Figure 5. Effectiveness evaluation of RF prediction models (A) Confusion matrix of RF in the training set. (B) Confusion matrix of the RF model in the validation set. X-axis represents the model prediction, y-axis represents the real situation, and the values in the box are the number of samples. (C) Standard deviation of feature importance in the RF model.
Model interpretability
We employed the SHAP to enhance the interpretability of the RF model. The feature importance ranking, as illustrated in Figure 6A, revealed that multifocality (mean absolute SHAP value = 0.103), tumor diameter (0.101), US-LN (0.052), and ETE (0.043) were the four most significant contributors to the prediction of CLNM. These findings align with the variables identified through LASSO and SVM-RFE selection methods. The directional impact of these features is further illustrated in SHAP force plots. In Figure 6B, a CLNM-positive patient’s prediction is driven by multifocality (yellow bar), larger tumor diameter, suspicious US-LN, and ETE, all pushing the model output above the base value (f(x) > 0). Conversely, Figure 6C shows a CLNM-negative case where the absence of these features (purple bars) reduces the risk score (f(x) < 0). The RF model’s capability to quantify the contributions of individual features significantly enhances its applicability for personalized risk stratification. Furthermore, the visual clarity provided by SHAP plots facilitates clinicians’ comprehension of model decisions, eliminating the necessity for expertise in ML.

Figure 6. Shapley Additive Explanation (SHAP) of the model. (A) Summary plots for the validation sets with associated SHAP values.
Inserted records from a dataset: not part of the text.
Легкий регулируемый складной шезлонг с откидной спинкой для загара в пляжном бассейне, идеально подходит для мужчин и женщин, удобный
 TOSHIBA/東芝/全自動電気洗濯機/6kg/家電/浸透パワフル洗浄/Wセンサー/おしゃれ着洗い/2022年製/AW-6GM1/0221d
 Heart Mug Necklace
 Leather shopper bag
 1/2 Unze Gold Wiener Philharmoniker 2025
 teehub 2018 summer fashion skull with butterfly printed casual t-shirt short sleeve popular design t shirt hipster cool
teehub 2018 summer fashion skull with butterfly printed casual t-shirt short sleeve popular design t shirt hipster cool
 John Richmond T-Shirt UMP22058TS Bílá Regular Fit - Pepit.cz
Each point represents a SHAP value for a patient’s characteristic. (B) SHAP force plot for a PTMC patient without CLMN. (C) SHAP force plot for a PTMC patient with CLMN. US-LN, cervical lymph nodes status based on ultrasound; ETE, extrathyroidal extension.
Discussion
In this retrospective study, we identified US-LN, multifocality, ETE, and tumor diameter as preoperative predictors of CLNM in PTMC patients. We developed and validated eight ML models with four parameters, evaluating their predictive performance and clinical utility using the receiver operating characteristic (ROC) curves and DCA curves, followed by a comparative analysis of their performance. We verified the performance of our newly developed the interpretable RF model for predicting CLNM in PTMC patients, which achieved a higher AUC of 0.893 (95% CI:0.846, 0.940) than other ML models, consistent with previous research (21, 22). The RF algorithm excels in resisting overfitting, handling both continuous and categorical data, estimating error rates, and ranking variable importance. Additionally, we use SHAP scores for visual model interpretation to distinguish between CLMN and non-CLMN patients, allowing for personalized risk assessments and detailed insights into individual predictions.
This study found that ultrasound detected CLNM in 47.9% of PTMC cases confirmed by pathology, with suspicious ultrasound lymph nodes being the key preoperative indicator. Ultrasound shows high specificity for assessing cervical lymph node metastasis in PTMC patients. Some researchers have utilized ultrasound features of cervical lymph nodes to predict N1b PTC metastasis pre-surgery, aiding surgical decisions (23). For example, microcalcification and diameter have been identified as key predictors of lymph node metastasis in PTC patients (21). Generally, most abnormal cervical lymph nodes detected by ultrasound were in the lateral neck region. Ultrasound struggles to detect central cervical lymph nodes behind the trachea and pharynx. However, the central cervical lymph nodes is the most common site for lymph node metastasis from PTC. Our findings indicate that metastatic features in lateral cervical lymph nodes suggest CLNM, highlighting ultrasound’s importance in evaluating lymph node metastasis risk in PTMC patients. Previous studies have pinpointed multifocality, ETE, and tumor size as key risk factors for predicting CLNM in PTMC patients (22, 24, 25). ETE involves invasion into nearby muscles, the trachea, and nerves, especially the recurrent laryngeal nerve. Criteria for evaluating external glandular invasion in PTC include disrupted membrane echo or more than 25% contact between the tumor and the membrane. Many studies indicate that ETE is a major risk factor for CLNM. Compared to single lesion, multifocality in PTC patients raise the risk of local tumor progression and higher CLNM rates (24, 25). However, the impact of multifocality on recurrence is still debated, requiring further large-scale studies for clearer evidence.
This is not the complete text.